R : La sécurité sociale et le financement des retraites par répartitions sont nés en 1945, alors que le pays était ruiné et que les caisses de l’état étaient vides. Depuis le PIB a augmenté suffisamment pour financer sécurité sociale et retraites ; le problème c’est que l’assiette de cotisation ne se base pratiquement que sur les salaires. L’agriculture, à ce titre, est un bon exemple. On est passé de 10 millions d’agriculteurs après la guerre, à environ1 million maintenant. Et les 10 millions d’agriculture ont si bien développé notre productivité agricole que nous avons pu avoir des excédents, même avec 90% d’emplois en moins. Il y a donc bien eu gain de productivité. Le problème c’est que le nombre des actifs cotisants pour la retraite de leurs ainés remet en cause le système de répartition. Et la solution impitoyable actuelle est de baisser la retraite des paysans. Ce n’est pas normal.

R : Un des problèmes des 35h, c’est qu’on a partagé le temps de travail, mais pas les salaires.

R : Les références culturelles et politiques sont un état de fait. Il n’y a qu’a voir la lutte de certains américains contre le Président Obama qui a fait voter une loi pour permettre à plus de 30 millions d’américains de pouvoir avoir accès à la sécurité sociale.
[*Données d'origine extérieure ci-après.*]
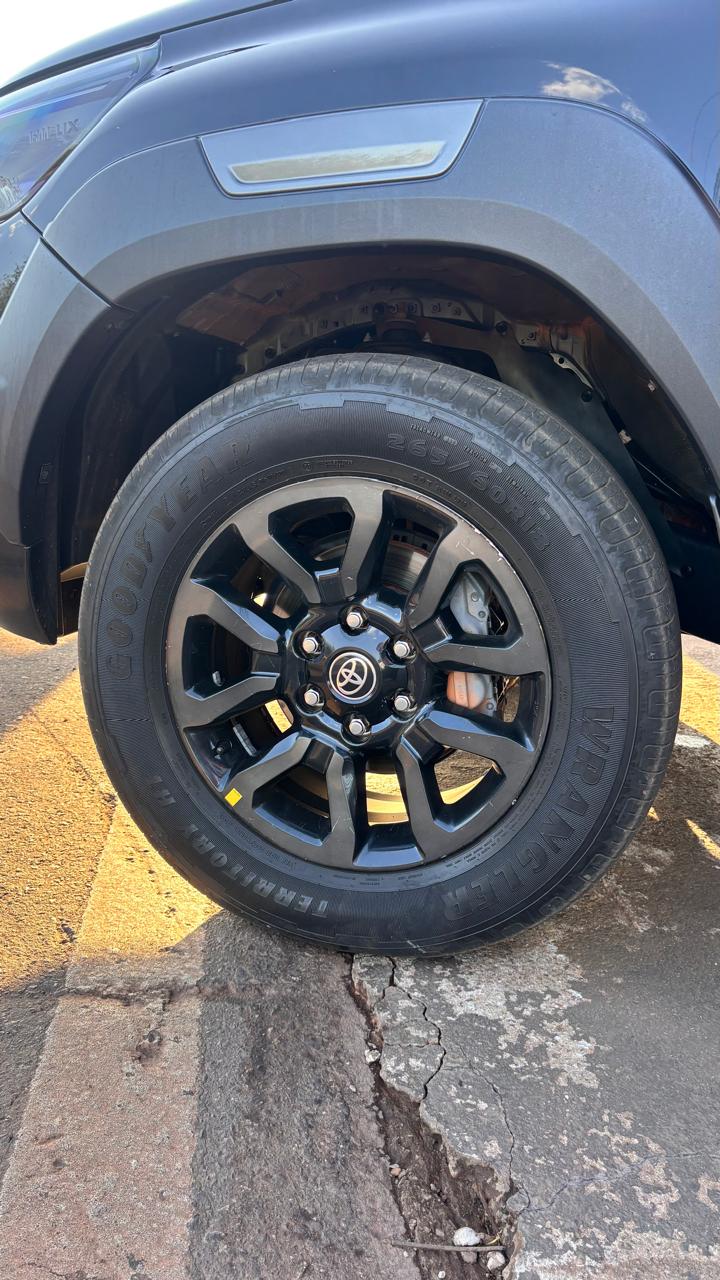 HILUX CONQUEST 4X4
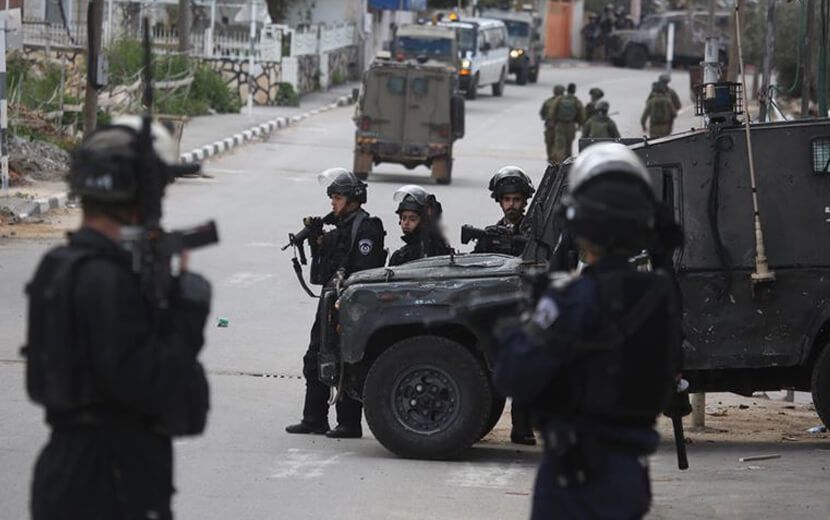 “İsrail” Nablus’ta 11 Filistinli Müslümanı Yaraladı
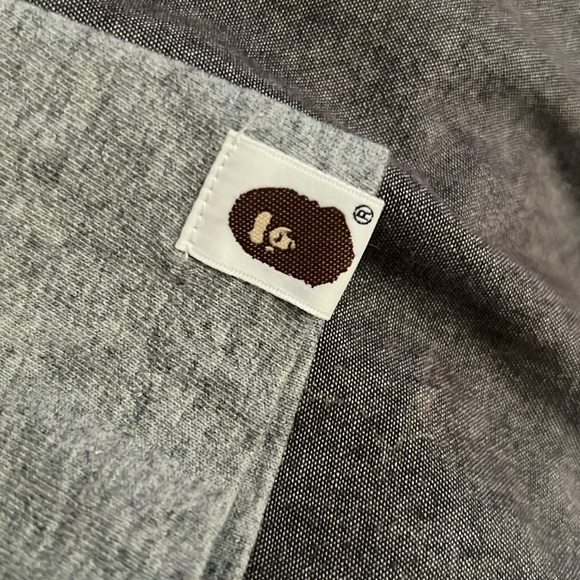 Original BAPE gray zipper shark Logo NWOT - Picture 2 of 3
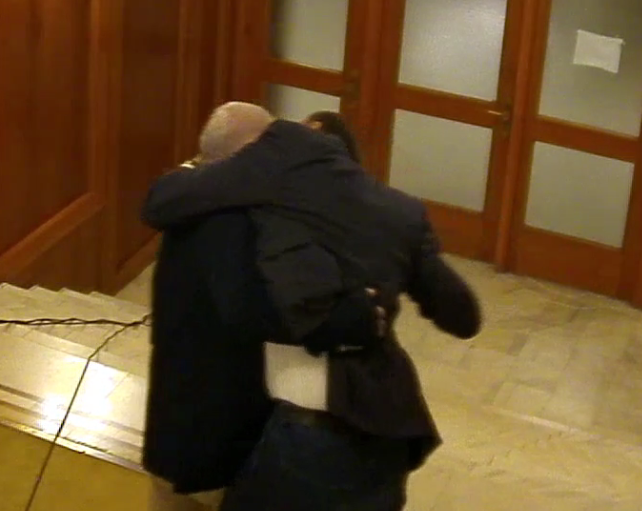 Öt napon belül gyógyuló sérüléseket okozott Dan Vîlceanu Florin Romannak a parlamentben, súlyos szankciókkal sújtják
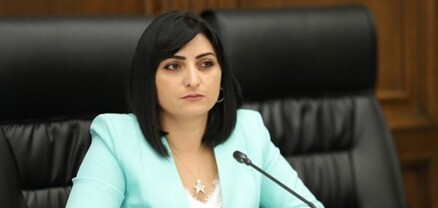 Բանկերը հրաժարվում են դոլարով փոխանցված գումարը դոլարով տրամադրել․ Թագուհի Թովմասյան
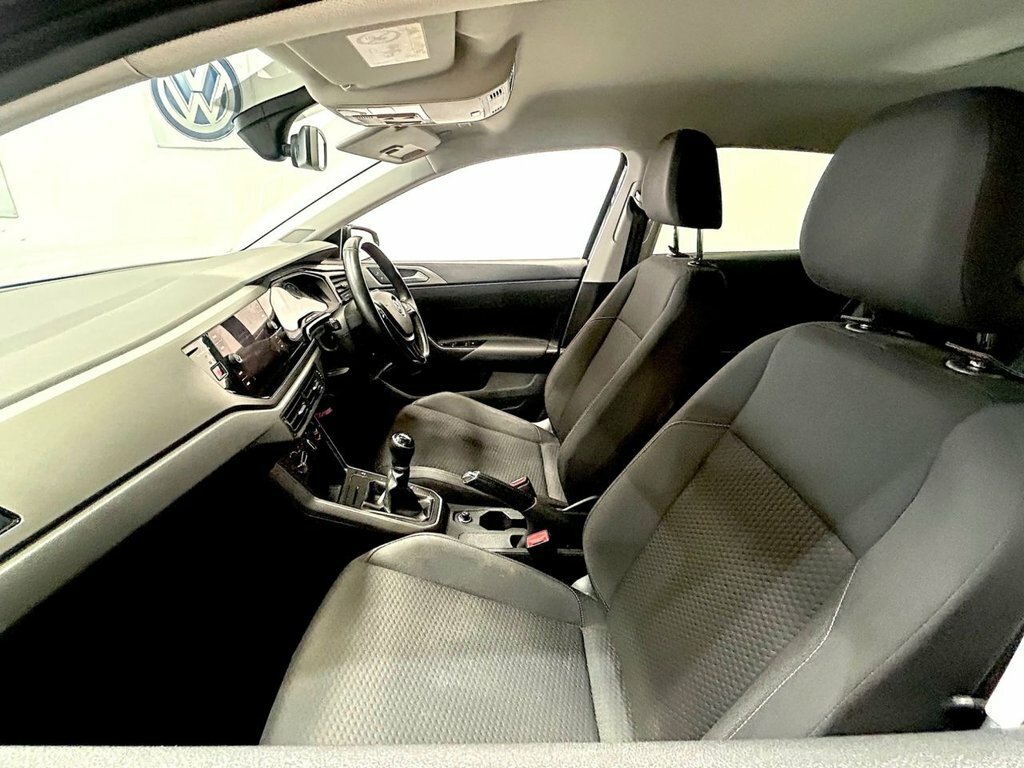 Volkswagen Polo Se Black #18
R : Pour certains, la liberté c’est un renard libre dans un poulailler.

On peut faire de petites choses, à notre niveau.

Est-ce que nous sommes assez pris à la gorge ? On a encore trop à perdre.
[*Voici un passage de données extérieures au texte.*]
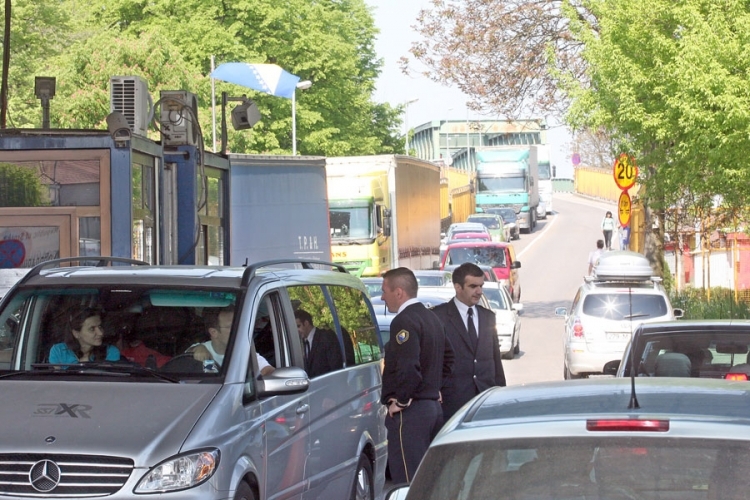 PUTEVI: Saobraćaj bez zastoja, kraća zadržavanja na granici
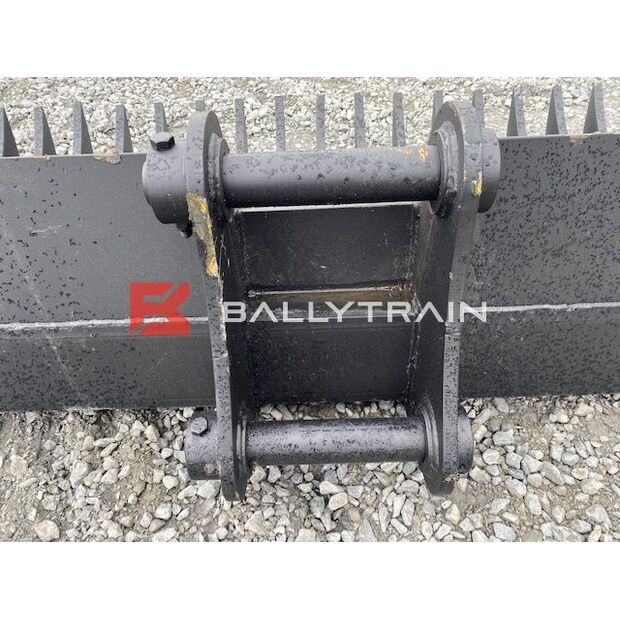 New 65mm Rake Bucket-41236437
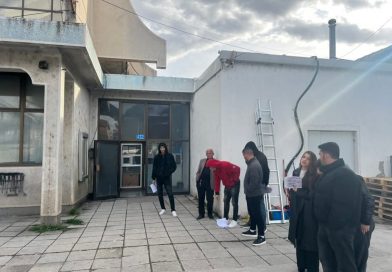 Qytetarët në radhë para Qendrës së Patent-Shoferëve në Mitrovicë, stafi nuk punon për shkak të kundërmimit Qytetarët në radhë para Qendrës së Patent-Shoferëve në Mitrovicë, stafi nuk punon për shkak të kundërmimit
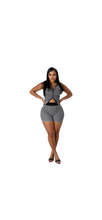Lade das Bild in den Galerie-Viewer, Sleeveless Top and Shorts Set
Q : J’ai apprécié tous les exemples concernant l’action dans les entreprises. Que peut-on dire de l’action des églises ?

R : Les églises prennent des positions de partage et d’avancées sociales qui ne sont pas toujours repris par les chrétiens. L’homme doit être au cœur de tout projet. Il suffit de relire les textes de nos évêques. Par exemple « Qu’as-tu fait de ton frère ? » ou la dernière encyclique de Benoit XVI.

Pour Calvin il ne faut pas faire de l’usure sur l’argent prêté aux pauvres.
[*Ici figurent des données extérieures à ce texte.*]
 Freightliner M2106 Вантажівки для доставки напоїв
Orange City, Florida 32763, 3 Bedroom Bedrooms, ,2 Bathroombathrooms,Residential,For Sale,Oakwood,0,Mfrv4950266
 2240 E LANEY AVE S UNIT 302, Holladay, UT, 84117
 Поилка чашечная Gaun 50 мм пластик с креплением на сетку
Il faut lutter pour des comportements éthiques. Le CCFD propose d’agir dans des campagnes comme celle sur le contenu des étiquettes ou celles sur les paradis fiscaux. On doit être en éveil sur tous nos actes. Sur une affiche de la dernière campagne du CCFD Terre Solidaire nommée « Aidons l’ardent » on peut lire : « Je suis l’argent, je ne dors jamais, mais j’ai quand même des rêves ».